トロンヘイムに停泊中、士官が何者かによって射殺される事件が発生。海岸からの発砲だったという。
9月2日、PQ18船団がムルマンスクを目指して出港。レーダー提督が考案したドッペルシュラーク(二重打撃)作戦の戦力として選ばれた。
アドミラル・シェーアとヒッパーケルンが船団を攻撃し、それをティルピッツが長距離砲撃で支援するという内容であったが、同月13日にヒトラーからの直々の電話で中止となった。
代わりにUボートと航空機による攻撃が行われ、PQ18船団を叩きのめした。前回のPQ17船団同様、またしても水上艦の出番が無かったのだ。

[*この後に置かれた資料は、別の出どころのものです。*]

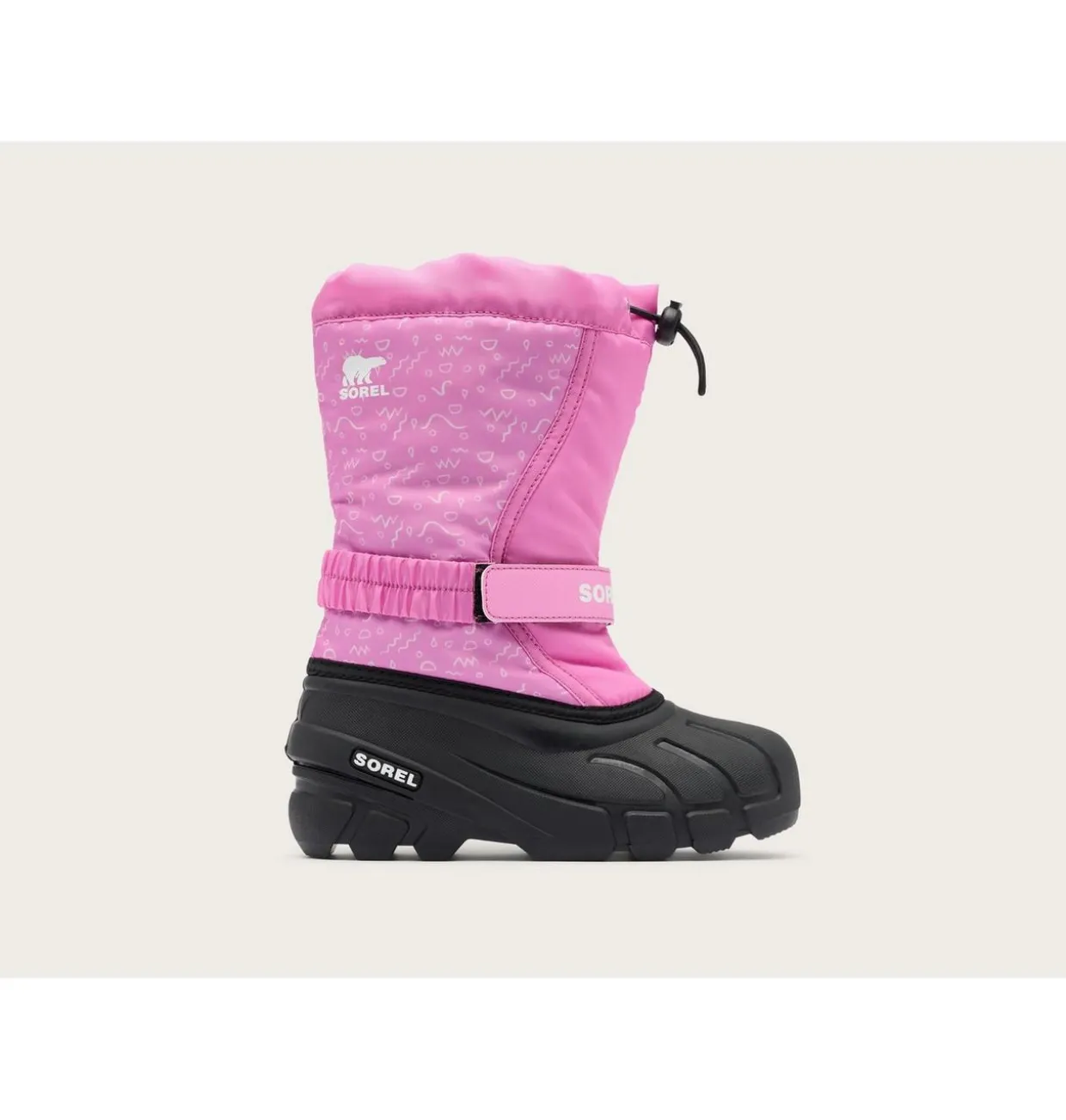 FLURRY™ Print Children's Boot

11月6日、護衛の駆逐艦3隻とともにトロンヘイムを出港。無事にドイツ本国に帰還した。12月下旬、エンジンのオーバーホールのため、ヴィルヘルムハーフェンの工廠に入渠。
そこで乗員の大規模な異動が実施され、実質動けなくなってしまった。そして12月31日のバレンツ海海戦の結果に激怒したヒトラーによって、大型艦の出撃が制限されたため通商破壊の戦歴に幕を下ろした。
一度は練習艦に格下げされた。

 

1943年2月26日、ヴィルヘルムスハーフェンが空襲される。午前10時52分に警報が出されたが、風が吹いていたため煙幕が流れてしまい、アドミラル・シェーアは恰好の的にされた。
さっそく爆弾が投じられ、艦体に命中したが不発。乗員が1名死亡しただけで済んだ。今回の空襲はアドミラル・シェーアを狙ったものだった。避難のためシュヴィーネミュンデへと回航された。
3月からは練習艦として活動。一度に最高で500名の士官候補生を乗せて、バルト海で訓練を行った。戦争の表舞台から去ったアドミラル・シェーアは人材の育成に注力していたのだが・・・。

 

アドミラル・シェーアに安息の時は無かった。東部戦線の戦局の悪化し、今やドイツ陸軍はソ連領から叩き出されようとしていた。
1944年7月2日、ティーベ提督率いる第2戦隊に編入されたアドミラル・シェーアは、追い詰められた陸軍や難民を救援するためバルト海へ進出した。11月18日、ソルバメ半島でソ連軍の攻勢にさらされて孤立した陸軍を撤退させるべく艦砲射撃を実施。
敵目標に対し、休み無く砲撃を加え続けた。しかしこの艦砲射撃で出血を強いられたソ連軍は厄介なドイツ艦艇を黙らせるべく、対抗策を練ってきた。
まず沿岸の17cm砲台がアドミラル・シェーアを狙い撃った。対するアドミラル・シェーアは沖合いに移動し、射程距離から脱出。再び艦砲射撃を行った。
一杯食わされたソ連軍は次に雷撃と高高度爆撃で攻撃してきた。特に強力な28cm砲を持つアドミラル・シェーアが狙われたが、急旋回や蛇行によって大編隊からの攻撃をあしらった。
至近弾によって築かれた水柱が幾度となく艦にかぶったが、爆弾も魚雷も全く命中しなかった。艦載のAr196がソ連軍機によって撃墜された以外は、大した損害を受けなかった。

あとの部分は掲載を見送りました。